In short: Bhu-Aadhaar is your land's unique 14-digit identification number, officially called the Unique Land Parcel Identification Number (ULPIN). It is an alphanumeric code generated from the longitude and latitude of your plot under the Digital India Land Records Modernisation Programme (DILRMP), run by the Department of Land Resources, Ministry of Rural Development. It gives every surveyed land parcel one permanent, geo-referenced identity so the same plot is never confused with another.
Think of it the way Aadhaar works for a person: just as no two people share an Aadhaar number, no two land parcels share a ULPIN. The number stays with the plot even when the owner changes, so it links your khasra, map and ownership record together as a single, authoritative source of truth.
There is no single national website for ULPIN lookup. Land is a state subject, so your ULPIN lives on your own state's land records portal (Bhulekh, Dharani, Bhu-Bharati, Mahabhulekh, e-Dhara and similar names). Follow these steps:
If the field is blank, your parcel may not yet have been surveyed and geo-referenced. ULPIN was launched in 2021 and is being rolled out parcel by parcel, so coverage is still growing. You can ask your tehsildar or the local revenue or land records office to confirm the status of your plot.
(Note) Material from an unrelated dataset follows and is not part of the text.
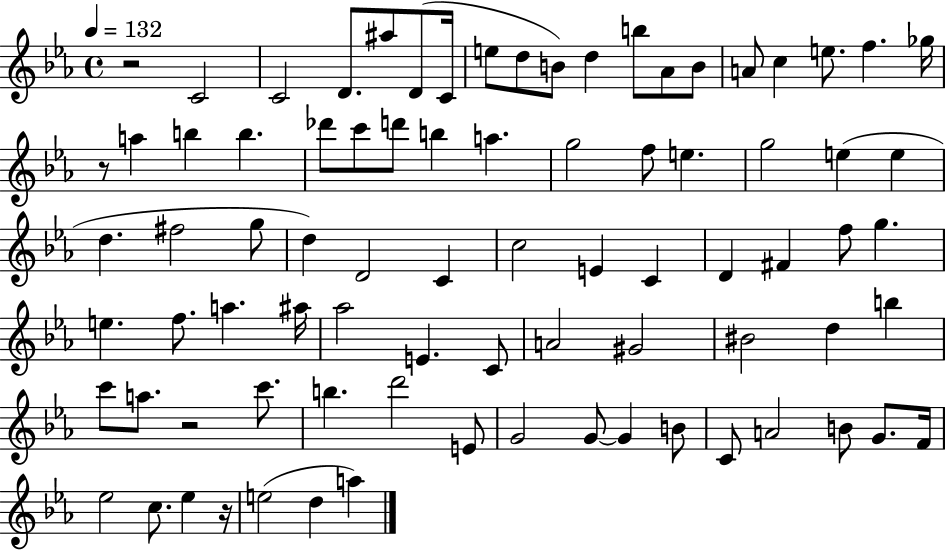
R/h C4/h C4/h D4/e. A#5/e D4/e C4/s E5/e D5/e B4/e D5/q B5/e Ab4/e B4/e A4/e C5/q E5/e. F5/q. Gb5/s R/e A5/q B5/q B5/q. Db6/e C6/e D6/e B5/q A5/q. G5/h F5/e E5/q. G5/h E5/q E5/q D5/q. F#5/h G5/e D5/q D4/h C4/q C5/h E4/q C4/q D4/q F#4/q F5/e G5/q. E5/q. F5/e. A5/q. A#5/s Ab5/h E4/q. C4/e A4/h G#4/h BIS4/h D5/q B5/q C6/e A5/e. R/h C6/e. B5/q. D6/h E4/e G4/h G4/e G4/q B4/e C4/e A4/h B4/e G4/e. F4/s Eb5/h C5/e. Eb5/q R/s E5/h D5/q A5/q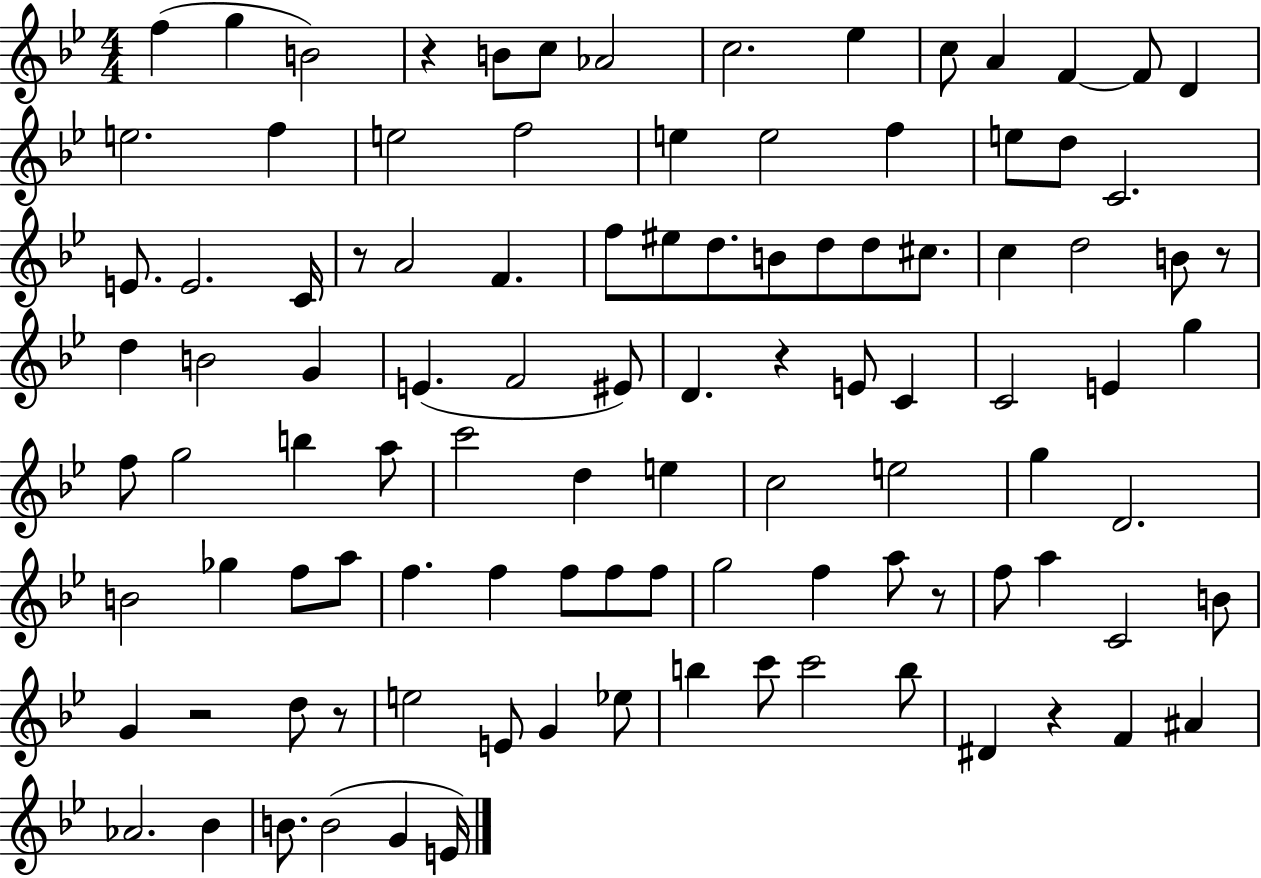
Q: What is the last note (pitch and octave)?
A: E4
| Document / record | What it is | Where ULPIN shows |
|---|---|---|
| Record of Rights (RoR) | The core ownership and rights record for a parcel | Usually a separate ULPIN or Unique ID field |
| Khatauni / Khata | Account-wise listing of holdings in a village | Against each parcel entry |
| 7/12 extract | Maharashtra and some states ownership and crop record | In the parcel identification block |
| Bhu-Naksha / cadastral map | The geo-referenced map of the parcel | Linked to the mapped plot |
The 14 digits are not random. The number is geo-referenced, meaning it is built from the parcel's longitude and latitude coordinates and its survey details, so the code itself ties back to a fixed location on the ground. This is what makes a ULPIN hard to duplicate or fake, and it is why officials describe it as the basis for “one nation, one registration system.”
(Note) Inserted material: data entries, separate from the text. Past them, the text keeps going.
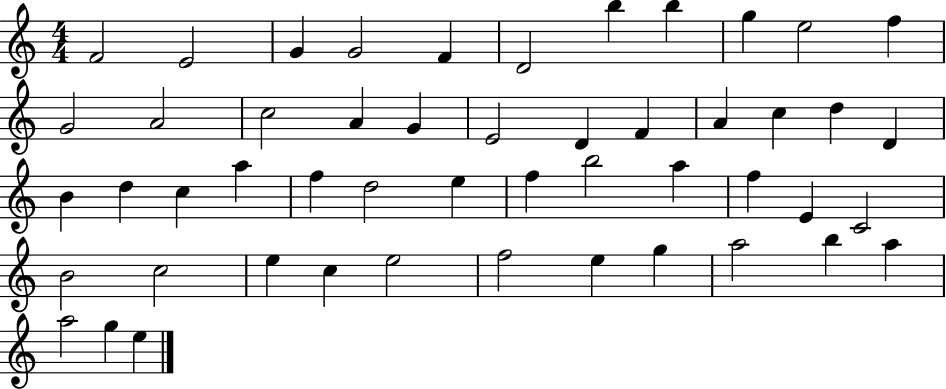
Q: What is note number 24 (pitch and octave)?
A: B4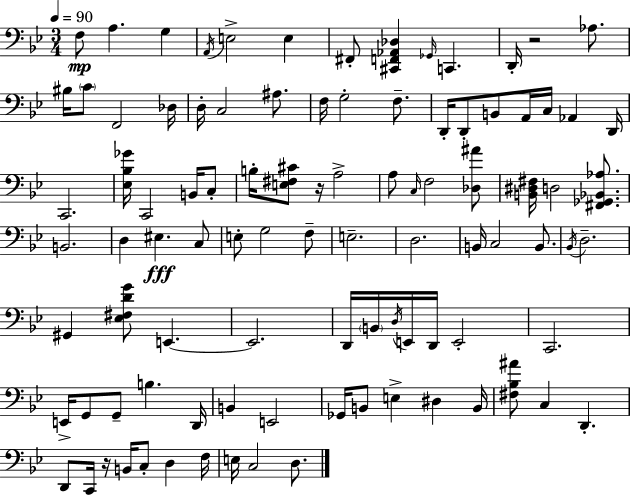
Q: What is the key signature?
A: G minor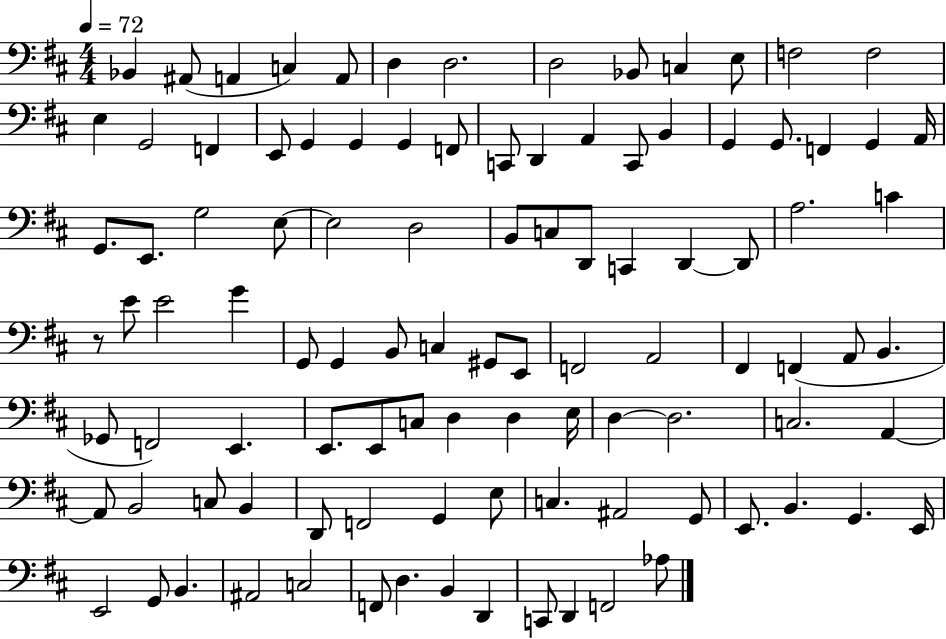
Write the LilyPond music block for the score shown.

{
  \clef bass
  \numericTimeSignature
  \time 4/4
  \key d \major
  \tempo 4 = 72
  \repeat volta 2 { bes,4 ais,8( a,4 c4) a,8 | d4 d2. | d2 bes,8 c4 e8 | f2 f2 | \break e4 g,2 f,4 | e,8 g,4 g,4 g,4 f,8 | c,8 d,4 a,4 c,8 b,4 | g,4 g,8. f,4 g,4 a,16 | \break g,8. e,8. g2 e8~~ | e2 d2 | b,8 c8 d,8 c,4 d,4~~ d,8 | a2. c'4 | \break r8 e'8 e'2 g'4 | g,8 g,4 b,8 c4 gis,8 e,8 | f,2 a,2 | fis,4 f,4( a,8 b,4. | \break ges,8 f,2) e,4. | e,8. e,8 c8 d4 d4 e16 | d4~~ d2. | c2. a,4~~ | \break a,8 b,2 c8 b,4 | d,8 f,2 g,4 e8 | c4. ais,2 g,8 | e,8. b,4. g,4. e,16 | \break e,2 g,8 b,4. | ais,2 c2 | f,8 d4. b,4 d,4 | c,8 d,4 f,2 aes8 | \break } \bar "|."
}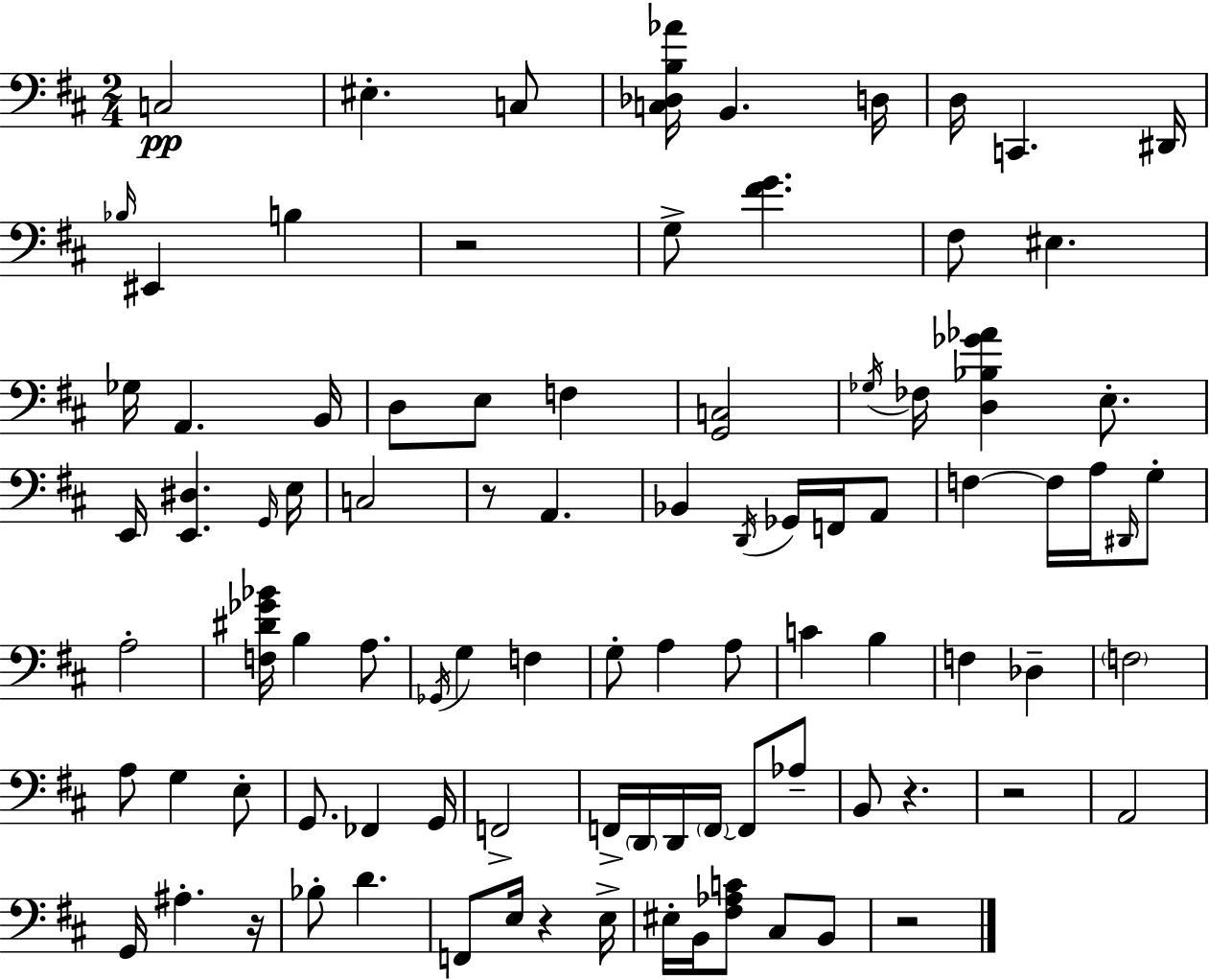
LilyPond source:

{
  \clef bass
  \numericTimeSignature
  \time 2/4
  \key d \major
  c2\pp | eis4.-. c8 | <c des b aes'>16 b,4. d16 | d16 c,4. dis,16 | \break \grace { bes16 } eis,4 b4 | r2 | g8-> <fis' g'>4. | fis8 eis4. | \break ges16 a,4. | b,16 d8 e8 f4 | <g, c>2 | \acciaccatura { ges16 } fes16 <d bes ges' aes'>4 e8.-. | \break e,16 <e, dis>4. | \grace { g,16 } e16 c2 | r8 a,4. | bes,4 \acciaccatura { d,16 } | \break ges,16 f,16 a,8 f4~~ | f16 a16 \grace { dis,16 } g8-. a2-. | <f dis' ges' bes'>16 b4 | a8. \acciaccatura { ges,16 } g4 | \break f4 g8-. | a4 a8 c'4 | b4 f4 | des4-- \parenthesize f2 | \break a8 | g4 e8-. g,8. | fes,4 g,16 f,2-> | f,16-> \parenthesize d,16 | \break d,16 \parenthesize f,16~~ f,8 aes8-- b,8 | r4. r2 | a,2 | g,16 ais4.-. | \break r16 bes8-. | d'4. f,8 | e16 r4 e16-> eis16-. b,16 | <fis aes c'>8 cis8 b,8 r2 | \break \bar "|."
}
The Union Budget 2024-25 gave ULPIN a major push. The Finance Minister proposed assigning a Unique Land Parcel Identification Number or Bhu-Aadhaar to all rural lands, along with digitisation of cadastral maps, survey of map sub-divisions, a land registry and linking to the farmers registry. The Budget also proposed GIS-based digitisation of urban land records, with fiscal support to incentivise states to complete these reforms within three years.
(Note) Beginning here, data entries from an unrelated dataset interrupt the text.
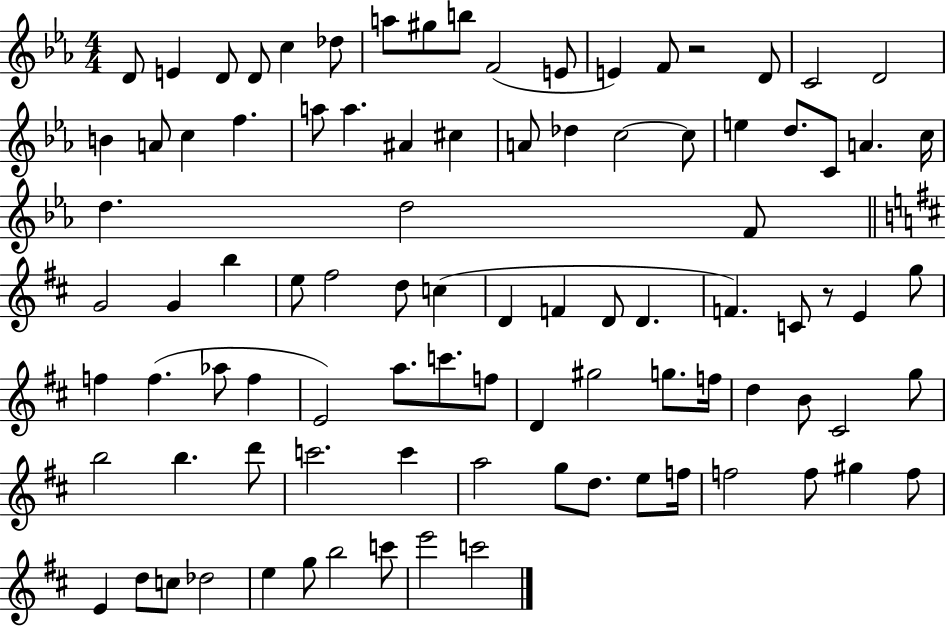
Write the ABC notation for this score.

X:1
T:Untitled
M:4/4
L:1/4
K:Eb
D/2 E D/2 D/2 c _d/2 a/2 ^g/2 b/2 F2 E/2 E F/2 z2 D/2 C2 D2 B A/2 c f a/2 a ^A ^c A/2 _d c2 c/2 e d/2 C/2 A c/4 d d2 F/2 G2 G b e/2 ^f2 d/2 c D F D/2 D F C/2 z/2 E g/2 f f _a/2 f E2 a/2 c'/2 f/2 D ^g2 g/2 f/4 d B/2 ^C2 g/2 b2 b d'/2 c'2 c' a2 g/2 d/2 e/2 f/4 f2 f/2 ^g f/2 E d/2 c/2 _d2 e g/2 b2 c'/2 e'2 c'2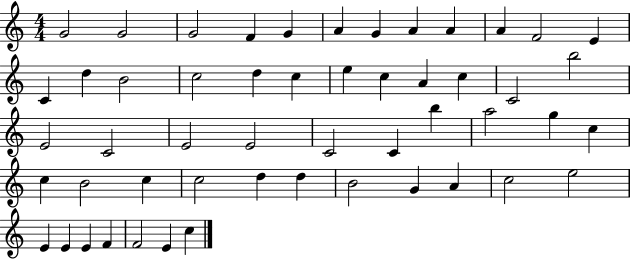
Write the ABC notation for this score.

X:1
T:Untitled
M:4/4
L:1/4
K:C
G2 G2 G2 F G A G A A A F2 E C d B2 c2 d c e c A c C2 b2 E2 C2 E2 E2 C2 C b a2 g c c B2 c c2 d d B2 G A c2 e2 E E E F F2 E c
For an ordinary landowner, a working ULPIN means:
A ULPIN identifies the land, not the owner. It is an identification number for the parcel, in the same way that a mutation entry updates the revenue record. Neither a ULPIN nor a mutation entry, on its own, is proof of title or legal ownership.
If a portal or office will not tell you the status of your parcel or refuses to act on a correction, you can file a Right to Information request with the state revenue or land records department. Our AI RTI Drafter can help you frame it, and The RTI Playbook explains how to push for an answer.
In May 2026, Dr. Shrawan Kumar Pathak wanted to gift his agricultural plot in Sitapur district, Uttar Pradesh, to his daughter. When he opened the state Bhulekh portal and pulled up the khatauni, he found a 14-digit ULPIN printed against his survey number, while his neighbour's adjoining plot, surveyed later, still showed a blank Unique ID field. Because his parcel was already geo-referenced, the mutation that followed the gift deed referred to the same ULPIN throughout, and the revenue office processed the change without confusion over which plot was being transferred. His neighbour, by contrast, first had to ask the tehsil office to complete the survey before the ULPIN would appear.
Yes. Bhu-Aadhaar is the popular name for the Unique Land Parcel Identification Number (ULPIN), a 14-digit alphanumeric ID for a land parcel under the DILRMP. The two terms refer to the same number.
A ULPIN is a 14-digit alphanumeric code. It is geo-referenced, meaning it is generated from the longitude and latitude coordinates and survey details of the specific parcel.
No. A ULPIN identifies the parcel, not the owner. It is not a title document. Ownership is established through registered deeds, succession and the Record of Rights, not by the ID number alone.
No single national lookup portal exists for citizens. Because land is a state subject, you find your ULPIN on your own state's land records portal, on the Record of Rights, khatauni or 7/12 extract for your parcel.
Your parcel may not have been surveyed and geo-referenced so far. ULPIN was launched in 2021 and is still being rolled out, so coverage is incomplete. Contact your tehsildar or land records office to check the status and request that your parcel be included.
The government's aim is yes. A single permanent, geo-referenced ID per parcel makes it harder to duplicate records or run benami transactions, and lets departments, banks and courts refer to the same parcel data as a single source of truth.